In Exchange 2010, database compaction was redesigned such that contiguity is preferred over space compaction. In addition, database compaction was moved out of the online maintenance window and is now a background process that runs continuously.
Database defragmentation is new to Exchange 2010 and is also referred to as OLD v2 and B+ tree defragmentation. Its function is to compact as well as defragment (make sequential) database tables that have been marked/hinted as sequential. Database defragmentation is important to maintain efficient utilization of disk resources over time (make the IO more sequential as opposed to random) as well as to maintain the compactness of tables marked as sequential.
You can think of the database defragmentation process as a monitor that watches other database page operations to determine if there is work to do. It monitors all tables for free pages, and if a table gets to a threshold where a significant high percentage of the total B+ Tree page count is free, it gives the free pages back to the root. It also works to maintain contiguity within a table set with sequential space hints (a table created with a known sequential usage pattern). If database defragmentation sees a scan/pre-read on a sequential table and the records are not stored on sequential pages within the table, the process will defrag that section of the table, by moving all of the impacted pages to a new extent in the B+ tree. You can use the performance counters (mentioned in the monitoring section) to see how little work database defragmentation performs once a steady state is reached.
Database defragmentation is a background process that analyzes the database continuously as operations are performed, and then triggers asynchronous work when necessary. Database defragmentation is throttled under two scenarios:
Database checksumming (also known as Online Database Scanning) is the process where the database is read in large chunks and each page is checksummed (checked for physical page corruption). Checksumming’s primary purpose is to detect physical corruption and lost flushes that may not be getting detected by transactional operations (stale pages).
With Exchange 2007 RTM and all previous versions, checksumming operations happened during the backup process.
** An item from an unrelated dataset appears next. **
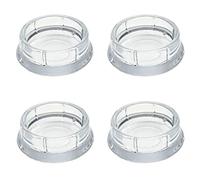 Enkotrade Set of 4 Round Transparent Plastic Furniture Coasters, 60mm Diameter, Floor Protectors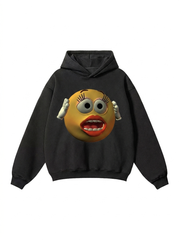 Black sweatshirt with abstract graphic print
This posed a problem for replicated databases, as the only copy to be checksummed was the copy being backed up. For the scenario where the passive copy was being backed up, this meant that the active copy was not being checksummed. So in Exchange 2007 SP1, we introduced a new optional online maintenance task, Online Maintenance Checksum (for more information, see Exchange 2007 SP1 ESE Changes – Part 2).
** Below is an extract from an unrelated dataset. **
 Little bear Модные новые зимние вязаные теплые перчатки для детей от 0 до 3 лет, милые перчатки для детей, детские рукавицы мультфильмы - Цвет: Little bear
In Exchange 2010, database scanning checksums the database and performs post Exchange 2010 Store crash operations. Space can be leaked due to crashes, and online database scanning finds and recovers lost space. Database checksum reads approximately 5 MB per second for each actively scanning database (both active and passive copies) using 256KB IOs. The I/O is 100 percent sequential. The system in Exchange 2010 is designed with the expectation that every database is fully scanned once every seven days.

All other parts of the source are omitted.